Yarn. resourcemanager. schedager. address
Cloud1: 8030
ResourceManager host: port for ApplicationMasters to talk to schedager to obtain resources.
Yarn. resourcemanager. resource-tracker.address
Cloud1: 8031
ResourceManager host: port for NodeManagers.
Yarn. resourcemanager. admin. address
Cloud1: 8033
ResourceManager host: port for administrative commands.

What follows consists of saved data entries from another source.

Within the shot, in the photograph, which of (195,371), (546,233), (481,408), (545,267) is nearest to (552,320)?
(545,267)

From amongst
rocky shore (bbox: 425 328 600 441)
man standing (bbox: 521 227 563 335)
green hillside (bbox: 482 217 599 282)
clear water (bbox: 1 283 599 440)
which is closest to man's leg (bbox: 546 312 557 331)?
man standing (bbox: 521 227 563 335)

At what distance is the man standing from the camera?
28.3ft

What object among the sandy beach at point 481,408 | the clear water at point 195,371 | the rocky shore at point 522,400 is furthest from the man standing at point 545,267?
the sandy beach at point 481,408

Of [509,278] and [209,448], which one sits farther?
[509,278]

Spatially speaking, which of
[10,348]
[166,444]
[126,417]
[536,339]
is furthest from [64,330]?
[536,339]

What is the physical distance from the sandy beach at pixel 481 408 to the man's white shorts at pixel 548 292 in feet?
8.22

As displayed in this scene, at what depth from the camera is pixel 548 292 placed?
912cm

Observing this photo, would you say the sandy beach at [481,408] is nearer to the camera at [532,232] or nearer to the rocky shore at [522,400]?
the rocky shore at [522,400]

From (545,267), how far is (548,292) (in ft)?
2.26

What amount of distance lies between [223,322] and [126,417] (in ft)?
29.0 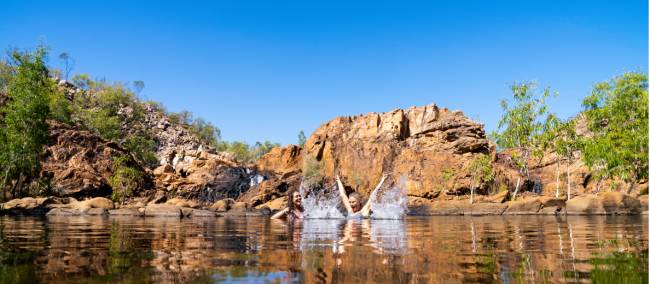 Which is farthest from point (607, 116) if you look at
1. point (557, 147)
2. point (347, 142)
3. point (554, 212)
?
point (347, 142)

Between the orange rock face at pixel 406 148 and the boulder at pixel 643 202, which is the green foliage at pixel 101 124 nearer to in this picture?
the orange rock face at pixel 406 148

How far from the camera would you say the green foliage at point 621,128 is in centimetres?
2809

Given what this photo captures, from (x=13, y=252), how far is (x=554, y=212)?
30.6 meters

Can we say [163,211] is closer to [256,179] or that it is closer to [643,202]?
[643,202]

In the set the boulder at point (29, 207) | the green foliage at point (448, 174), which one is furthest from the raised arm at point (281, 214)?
the green foliage at point (448, 174)

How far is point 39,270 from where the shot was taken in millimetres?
4398

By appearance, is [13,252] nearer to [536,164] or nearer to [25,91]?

Yarn. resourcemanager. webapp. address
Cloud1: 8088
ResourceManager web-ui host: port.
Yarn. resourcemanager. schedager. class
Org. apache. hadoop. yarn. server. resourcemanager. schedity. capacity. capacityschedity
In case you do not want to use the default scheduler
Yarn. nodemanager. resource. memory-mb
10240
The amount of memory on the NodeManager in MB
Yarn. nodemanager. local-dirs
The local directories used by the nodemanager
Yarn. nodemanager. log-dirs
The directories used by Nodemanagers as log directories
Yarn. nodemanager. remote-app-log-dir
/App-logs
Directory on hdfs where the application logs are moved
Yarn. nodemanager. aux-services
Mapreduce_shuffle
Shuffle service that needs to be set for Map Reduce to run
Mapred-site.xml
Mapreduce. framework. name
Yarn
Mapreduce. jobhistory. address
Cloud1: 10020
Mapreduce. jobhistory. webapp. address
Cloud1: 19888
Cd/opt/hadoop/
Bin/hdfs namenode-format
Sbin/start-dfs.sh # cloud1 NameNode SecondaryNameNode, cloud2 and cloud3 DataNode
Sbin/start-yarn.sh # cloud1 ResourceManager, cloud2 and cloud3 NodeManager
Jps
View Cluster status bin/hdfs dfsadmin-report
View File Block Composition bin/hdfs fsck/-files-blocks
NameNode view hdfs http: // 192.168.1.110: 50070
View RM http: // 192.168.1.110: 8088
Bin/hdfs dfs-mkdir/input
Bin/hadoop jar./share/hadoop/mapreduce/hadoop-mapreduce-examples-2.3.0.jar randomwriter input
5. Questions:
Q: 14/01/05 23:59:05 WARN util. NativeCodeLoader: Unable to load native-hadoop library for your platform... using builtin-java classes where applicable
A:/opt/hadoop/lib/native/the dynamic link library below is 32bit and should be replaced with 64-bit
Q: Are you sure you want to continue connecting (yes/no) displayed during ssh logon )? Solution
A: Modify/etc/ssh/ssh_config and change the # StrictHostKeyChecking ask to StrictHostKeyChecking no.
Q: The DataNode of two slaves cannot be added to the cluster system,
A: Delete the content lines of 127.0.1.1 or localhost in/etc/hosts.